By João carvalho, Canareorter.eu
Oficina de Arquitectura Pedrez, based in Porto, was created in 2020 by Matilde Cabral and Francisco Adão da Fonseca and was born from the couple’s decision to work together, combining Matilde’s textile knowledge with Francisco’s architectural visions.
In the work presented here, the reconstruction of a single-family house, on a hillside overlooking the Douro River, hemp straw combines with the concept of burnt wood, from Japan, with the notion of the different reactions of each material in terms of PH , the logic of multilayers and the CO2 retention capacity and positive ecological footprint of this natural fiber. ..
What is the program of this work, Francisco?
This work is a house, in the center of Porto, with all the characteristics of an urban dwelling, in which we reuse a work of art that was built at the José de Guimarães International Arts Center (CIAJG). We reuse this sculpture, a massive sculpture, several walls measuring tens of m2 in this mixture of hemp concrete with charcoal, we reuse it in a house, in what, we now see, a posteriori, is an authentic prefabrication part.
So, did you take a massive wall, cut it into blocks and fill in the needs of the work?
Precisely that. There was a wall, we cut it and now we rebuilt that “Lego” in a new construction.
In relation to eco-construction, why the use of hempcrete as a building material?

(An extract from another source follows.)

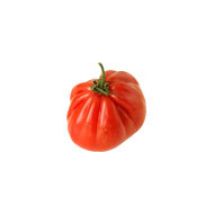 Fleischtomaten Ochsenherz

O hempcrete it is the most capable material I have ever come into contact with. I have experience in various types of construction, in various so-called sustainable construction systems and I have never come into contact with anything as complete as hemp concrete. It is the only building material/system (because it then implies a certain construction system) that allows us to make 25 cm walls that comply with thermal, acoustics, fire regulations and with which, to a certain extent, we were also able to meet the requirements of a facade material and aesthetic requirements for finishing the interior of the walls, so there is no other building material as capable, in terms of construction, as this one. This is not to mention the indirect characteristics of the life cycle of the material, which bring us agricultural benefits, employability, capacity for restructuring soils that are exhausted, desertified, so to speak. So I think it’s material that, if we talk about its potential, would give here another four-page article alone!
In addition to this incredible array of uses or characteristics, you decided to add charcoal as one more component of this mortar. Why? Burnt, charred wood is historically used as a wood protection measure on the exterior of buildings. It is a technique usually attributed to the Japanese, called Sugi Ban, which we wanted to adapt for hemp construction, by inserting charcoal into the mixture and/or burning the hemp straw itself, so that, outdoors, it is not necessary to give the material any type of treatment.